Denetimlerde ortaya çıkan skandallar Saray yargısı eliyle kapatıldı.

Yandaş yargı-bürokrasi ve medyaya rağmen bir şekilde ortaya dökülen rezaletler ise geçiştirildi. Hesap vermek yada istifa etmek yerine din-iman-bayrak-ezan goygoyu yapıldı

Kısacası yardımlaşmanın, bağışın, şefkatin temsilcisi sayılan Kızılay yolsuzluğun, kötü yönetimin, istismarın ve yüzsüzlüğün sembolü haline geldi. 

SKANDALLAR ZİNCİRİ 

Kızılay merkezli suistimal, kötü yönetim ve yolsuzlukları yazmaya yer ve zaman yetmez

O yüzden ana hatlarıyla özetleyeceğim

Malum olduğu üzere Kızılay, Türkiye’nin en köklü kurumlarından. Devasa bir bütçesi ve binlerce personeli var.

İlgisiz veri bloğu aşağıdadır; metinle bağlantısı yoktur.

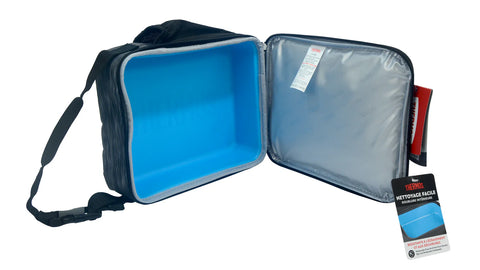 Thermos Uprights With Ldpe Liner (Black Grey)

Ancak liyakatsız AKP’lilerin elinde adım adım çöktü

Öncelikle şunu unutmamak gerekiyor. Erdoğan’ın devleti yeniden yapılandırmasının ardında iki temel faktör var. Birincisi ideolojik ikincisi ise ekonomik rant.

Dolasıyla attığı her adımın bir parasal bir de ideolojik boyutunu görmek gerekiyor. 

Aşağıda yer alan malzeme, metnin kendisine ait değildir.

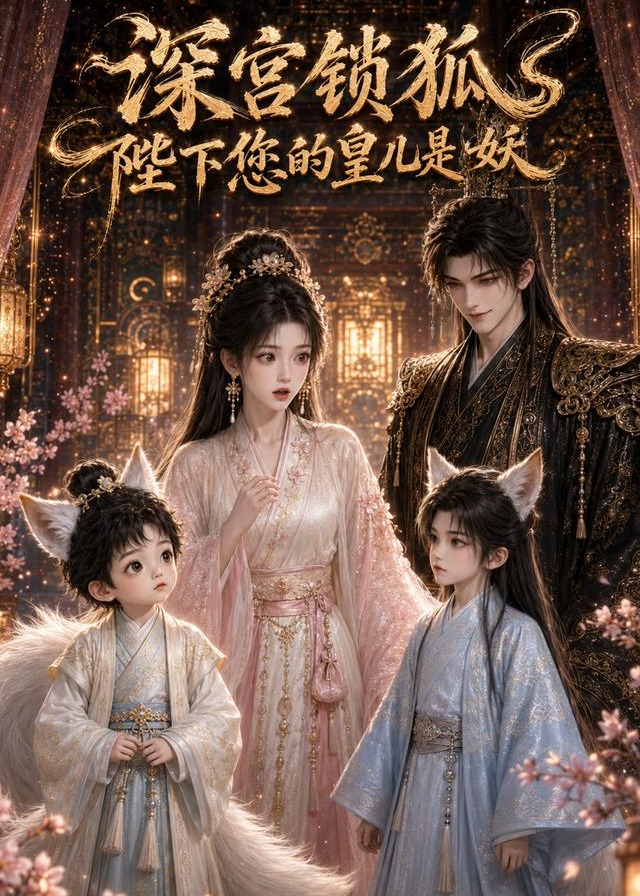 深宫锁狐陛下您的皇儿是妖-动漫合集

AFAD ve Kızılay’la ilgili düzenlemeler de bu iki temel kural üzerinden yürüdü. AFAD ayrı bir yazı konusu olduğu için oraya girmeden şimdi doğrudan Kızılay’a bakalım.

Erdoğan ilk olarak Kızılay’ın bir çok görevini AFAD’a devrettirdi. Devasa bütçesi, binlerce personeli olan kurum artık afet anlarında sadece yemek dağıtmakla yükümlü. 

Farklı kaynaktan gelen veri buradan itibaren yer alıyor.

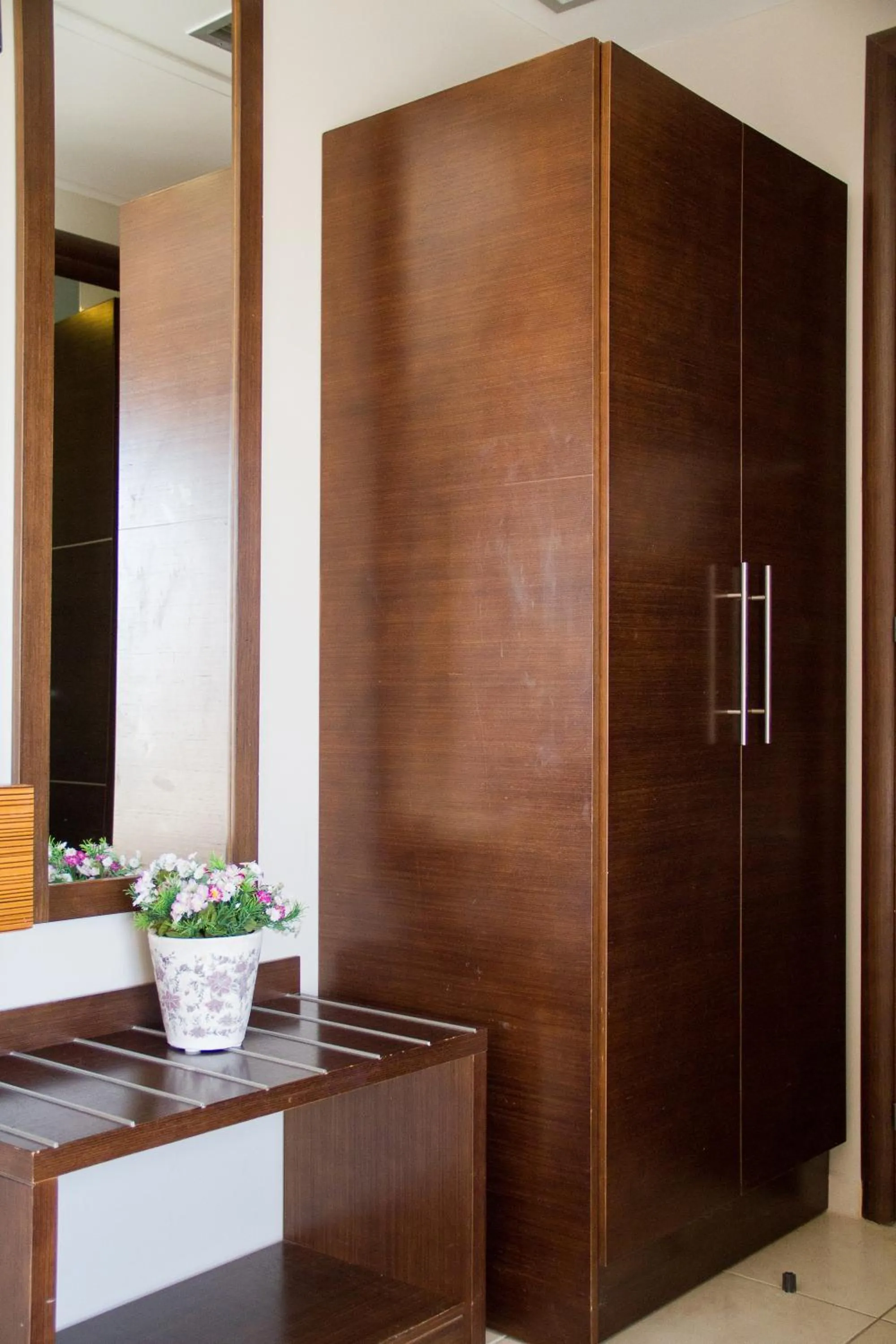 Bedroom in Hotel Rodon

İkinci adım olarak da bu tarihi kurum ticari bir holdinge dönüştürüldü.

Kızılay’a bağlı 13 ayrı şirket kuruldu ve hepsinin başına birer CEO ve yardımcı atandı. Alt kadrolara ise genel müdürler, müdür yardımcıları ve diğer ara kademe yöneticiler. 

Tabii ki bu kadroların tamamı AKP’lilerden seçildi

Kerem Kınık’ın kendisi zaten iktidar kadrolarından gelme. AKP İl Genel Meclisi üyeliği ve İBB Sağlık Komisyonu Başkanlığı yaptı. 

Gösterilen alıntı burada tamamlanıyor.